Le Vendredi Saint, l'Église porte son attention sur le Lignum Crucis, l'arbre de la Croix. Dans la liturgie, nous prions : « Nous adorons ta Croix, Seigneur, et nous louons et glorifions ta sainte Résurrection. À travers le bois, la joie est venue au monde ».

La Croix rayonne d'espérance sur le monde entier. Là, nous voyons le Seigneur les bras ouverts, prêt à accueillir et à guérir nos faiblesses.
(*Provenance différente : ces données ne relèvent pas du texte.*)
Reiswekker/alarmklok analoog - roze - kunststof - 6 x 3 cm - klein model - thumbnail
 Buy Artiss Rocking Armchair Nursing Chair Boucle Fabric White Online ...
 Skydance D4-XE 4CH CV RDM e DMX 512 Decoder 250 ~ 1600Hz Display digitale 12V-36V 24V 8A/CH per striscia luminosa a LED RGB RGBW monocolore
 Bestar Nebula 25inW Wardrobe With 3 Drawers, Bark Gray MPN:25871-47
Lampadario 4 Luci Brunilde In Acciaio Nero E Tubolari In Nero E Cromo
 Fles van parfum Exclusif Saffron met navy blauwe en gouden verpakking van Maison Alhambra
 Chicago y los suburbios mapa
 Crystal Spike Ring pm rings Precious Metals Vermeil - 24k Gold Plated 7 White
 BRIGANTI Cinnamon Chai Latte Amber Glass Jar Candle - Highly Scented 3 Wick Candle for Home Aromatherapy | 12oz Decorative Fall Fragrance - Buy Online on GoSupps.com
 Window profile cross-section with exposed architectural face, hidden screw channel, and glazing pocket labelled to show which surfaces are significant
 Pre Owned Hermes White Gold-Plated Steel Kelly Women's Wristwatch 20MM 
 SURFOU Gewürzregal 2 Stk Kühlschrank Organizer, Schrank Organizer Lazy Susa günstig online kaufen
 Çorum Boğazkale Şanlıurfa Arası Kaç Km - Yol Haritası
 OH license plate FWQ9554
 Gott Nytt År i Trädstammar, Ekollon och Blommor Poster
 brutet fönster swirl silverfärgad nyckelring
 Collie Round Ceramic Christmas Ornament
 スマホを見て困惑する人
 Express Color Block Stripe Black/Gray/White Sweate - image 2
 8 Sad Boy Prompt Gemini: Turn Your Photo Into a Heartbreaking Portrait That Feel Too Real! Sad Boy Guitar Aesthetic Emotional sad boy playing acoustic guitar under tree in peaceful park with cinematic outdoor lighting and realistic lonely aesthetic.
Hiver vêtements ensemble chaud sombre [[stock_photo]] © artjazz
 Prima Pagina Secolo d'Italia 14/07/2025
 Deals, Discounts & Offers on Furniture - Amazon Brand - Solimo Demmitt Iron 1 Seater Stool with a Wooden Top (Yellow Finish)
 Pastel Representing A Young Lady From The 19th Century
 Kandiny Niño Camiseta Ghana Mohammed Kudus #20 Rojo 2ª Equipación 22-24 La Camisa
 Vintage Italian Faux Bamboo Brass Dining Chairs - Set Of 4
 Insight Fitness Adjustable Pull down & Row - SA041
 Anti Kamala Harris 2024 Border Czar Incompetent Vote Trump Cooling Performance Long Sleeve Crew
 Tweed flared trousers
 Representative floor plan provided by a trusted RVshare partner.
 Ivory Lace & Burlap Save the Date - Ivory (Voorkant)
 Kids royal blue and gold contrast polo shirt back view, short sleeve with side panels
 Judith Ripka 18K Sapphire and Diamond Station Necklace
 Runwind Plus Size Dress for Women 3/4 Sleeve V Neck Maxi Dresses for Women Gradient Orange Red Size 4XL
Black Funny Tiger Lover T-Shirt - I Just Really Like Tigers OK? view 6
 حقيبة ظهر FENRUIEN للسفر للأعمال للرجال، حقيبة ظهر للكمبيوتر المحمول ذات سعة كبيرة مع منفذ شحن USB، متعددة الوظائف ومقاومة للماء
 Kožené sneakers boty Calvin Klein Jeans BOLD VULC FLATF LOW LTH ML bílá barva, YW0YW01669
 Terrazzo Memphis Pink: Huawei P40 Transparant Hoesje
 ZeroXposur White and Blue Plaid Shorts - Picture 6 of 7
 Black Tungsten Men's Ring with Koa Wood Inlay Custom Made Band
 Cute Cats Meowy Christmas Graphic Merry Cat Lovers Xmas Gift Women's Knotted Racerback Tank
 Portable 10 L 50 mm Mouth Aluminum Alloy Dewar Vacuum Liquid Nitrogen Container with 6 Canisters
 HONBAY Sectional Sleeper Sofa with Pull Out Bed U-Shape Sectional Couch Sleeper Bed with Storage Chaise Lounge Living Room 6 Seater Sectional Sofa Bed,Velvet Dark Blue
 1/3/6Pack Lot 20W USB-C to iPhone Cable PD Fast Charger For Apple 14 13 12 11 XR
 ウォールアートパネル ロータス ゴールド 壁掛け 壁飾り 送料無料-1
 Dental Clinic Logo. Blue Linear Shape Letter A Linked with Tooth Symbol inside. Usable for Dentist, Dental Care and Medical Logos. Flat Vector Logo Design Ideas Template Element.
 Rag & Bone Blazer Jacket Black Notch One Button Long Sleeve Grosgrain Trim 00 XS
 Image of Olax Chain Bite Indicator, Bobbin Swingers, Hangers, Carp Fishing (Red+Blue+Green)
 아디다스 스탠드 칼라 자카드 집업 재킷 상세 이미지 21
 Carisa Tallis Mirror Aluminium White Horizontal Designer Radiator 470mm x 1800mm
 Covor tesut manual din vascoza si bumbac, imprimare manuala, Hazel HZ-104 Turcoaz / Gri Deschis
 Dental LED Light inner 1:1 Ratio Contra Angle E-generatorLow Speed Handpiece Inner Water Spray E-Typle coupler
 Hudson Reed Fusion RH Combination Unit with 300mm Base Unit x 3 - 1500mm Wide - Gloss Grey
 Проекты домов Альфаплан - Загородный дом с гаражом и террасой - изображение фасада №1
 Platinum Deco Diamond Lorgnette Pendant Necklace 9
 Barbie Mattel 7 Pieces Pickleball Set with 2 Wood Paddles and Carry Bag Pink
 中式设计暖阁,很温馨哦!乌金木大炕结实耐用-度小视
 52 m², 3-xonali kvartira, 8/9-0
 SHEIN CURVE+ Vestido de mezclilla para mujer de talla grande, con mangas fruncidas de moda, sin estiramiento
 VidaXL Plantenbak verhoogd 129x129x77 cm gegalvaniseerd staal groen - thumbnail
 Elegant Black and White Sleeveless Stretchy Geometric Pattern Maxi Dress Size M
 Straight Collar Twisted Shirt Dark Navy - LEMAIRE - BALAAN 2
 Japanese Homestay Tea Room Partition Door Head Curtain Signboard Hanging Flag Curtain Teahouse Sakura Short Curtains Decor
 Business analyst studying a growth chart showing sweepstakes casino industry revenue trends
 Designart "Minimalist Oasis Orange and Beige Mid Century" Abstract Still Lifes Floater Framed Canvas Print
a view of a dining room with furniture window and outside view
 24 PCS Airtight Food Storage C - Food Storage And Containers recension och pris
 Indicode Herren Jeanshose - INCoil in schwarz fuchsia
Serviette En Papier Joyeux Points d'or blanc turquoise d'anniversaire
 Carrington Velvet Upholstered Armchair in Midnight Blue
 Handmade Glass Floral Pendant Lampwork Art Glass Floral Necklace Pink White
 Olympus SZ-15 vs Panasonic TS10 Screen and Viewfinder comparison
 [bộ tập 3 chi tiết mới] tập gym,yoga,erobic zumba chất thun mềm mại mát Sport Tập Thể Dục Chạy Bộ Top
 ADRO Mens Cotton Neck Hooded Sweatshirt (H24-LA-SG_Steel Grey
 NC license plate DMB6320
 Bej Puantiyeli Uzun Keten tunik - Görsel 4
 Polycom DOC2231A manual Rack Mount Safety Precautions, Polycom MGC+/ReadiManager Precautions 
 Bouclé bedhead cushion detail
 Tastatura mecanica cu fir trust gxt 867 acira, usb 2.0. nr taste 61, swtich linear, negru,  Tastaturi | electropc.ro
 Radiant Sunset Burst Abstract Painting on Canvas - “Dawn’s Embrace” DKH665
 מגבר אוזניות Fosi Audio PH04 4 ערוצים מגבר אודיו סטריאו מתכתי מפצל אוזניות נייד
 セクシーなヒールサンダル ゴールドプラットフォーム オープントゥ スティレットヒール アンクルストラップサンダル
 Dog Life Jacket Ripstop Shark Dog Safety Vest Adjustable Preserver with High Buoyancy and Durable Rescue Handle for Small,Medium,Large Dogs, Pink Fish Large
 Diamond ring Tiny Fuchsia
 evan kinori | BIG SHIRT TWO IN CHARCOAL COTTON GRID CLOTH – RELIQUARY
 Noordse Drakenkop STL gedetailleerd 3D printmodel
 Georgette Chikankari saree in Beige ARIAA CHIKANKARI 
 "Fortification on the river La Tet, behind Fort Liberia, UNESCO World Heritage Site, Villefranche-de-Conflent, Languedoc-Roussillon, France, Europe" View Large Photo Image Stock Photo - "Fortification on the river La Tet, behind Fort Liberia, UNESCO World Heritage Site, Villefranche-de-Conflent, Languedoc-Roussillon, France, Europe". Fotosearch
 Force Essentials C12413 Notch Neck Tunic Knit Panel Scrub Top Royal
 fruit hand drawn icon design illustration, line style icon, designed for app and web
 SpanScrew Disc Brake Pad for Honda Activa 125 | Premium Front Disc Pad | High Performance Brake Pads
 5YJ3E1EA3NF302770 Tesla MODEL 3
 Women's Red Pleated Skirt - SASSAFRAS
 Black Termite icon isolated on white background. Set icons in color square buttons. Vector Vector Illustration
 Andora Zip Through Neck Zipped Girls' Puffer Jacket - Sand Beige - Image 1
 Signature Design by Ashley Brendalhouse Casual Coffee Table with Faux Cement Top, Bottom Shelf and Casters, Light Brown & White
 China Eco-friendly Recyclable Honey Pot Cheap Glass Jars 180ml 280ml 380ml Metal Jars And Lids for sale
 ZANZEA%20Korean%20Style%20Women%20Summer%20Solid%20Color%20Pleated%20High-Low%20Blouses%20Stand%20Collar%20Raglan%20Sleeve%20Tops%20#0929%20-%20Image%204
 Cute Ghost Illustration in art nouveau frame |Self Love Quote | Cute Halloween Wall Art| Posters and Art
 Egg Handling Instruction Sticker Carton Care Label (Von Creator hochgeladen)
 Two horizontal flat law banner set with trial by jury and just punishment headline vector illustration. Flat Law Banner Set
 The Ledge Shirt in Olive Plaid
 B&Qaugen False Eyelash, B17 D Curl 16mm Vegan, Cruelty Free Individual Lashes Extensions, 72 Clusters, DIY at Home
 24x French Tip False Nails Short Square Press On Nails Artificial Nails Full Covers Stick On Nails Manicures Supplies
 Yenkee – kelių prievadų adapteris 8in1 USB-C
Et là, nous voyons aussi la Vierge Marie.

Le Titien, après l'Ecce Homo, a peint « La Vierge douloureuse avec les mains ouvertes ».

Mater Dolorosa avec les mains ouvertes (1555) ; Musée du Prado (Madrid, Espagne)

Pendant des années, les deux tableaux ont été accrochés côte à côte sur le même mur. Lorsque la souffrance apparaît dans nos vies, lorsque nous regardons Jésus, nous nous saurons également toujours accompagnés par Marie. Nous lui demandons de nous aider à rester proches de la Croix, pour donner l'espérance à ceux qui nous entourent.